> SOURCE DATA:
+===+
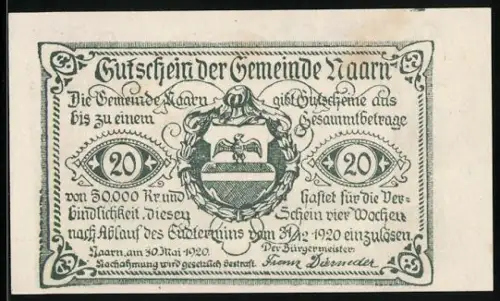 Notgeld Naarn 1920, 20 Heller, Schulgebäude und Wappen mit Adler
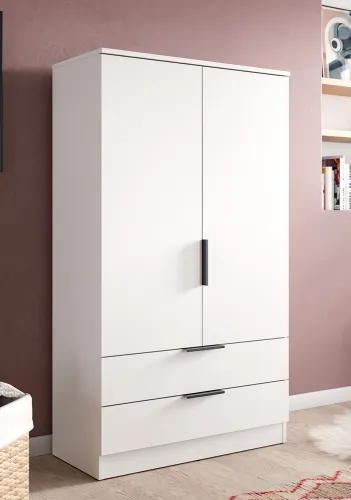 Garderobenschrank Kopenhagen | weiß mit Einlegeböden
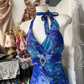 Vintage Navy Blue Floral V-neck Halter Dress Elegant A-Line Long Evening Dress Prom Dresses DP6214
+===+
Transcribe all of the material exactly and leave out its pictures.

> ANSWER FOR THIS EXERCISE:
 Notgeld Naarn 1920, 20 Heller, Schulgebäude und Wappen mit Adler
 Garderobenschrank Kopenhagen | weiß mit Einlegeböden
 Vintage Navy Blue Floral V-neck Halter Dress Elegant A-Line Long Evening Dress Prom Dresses DP6214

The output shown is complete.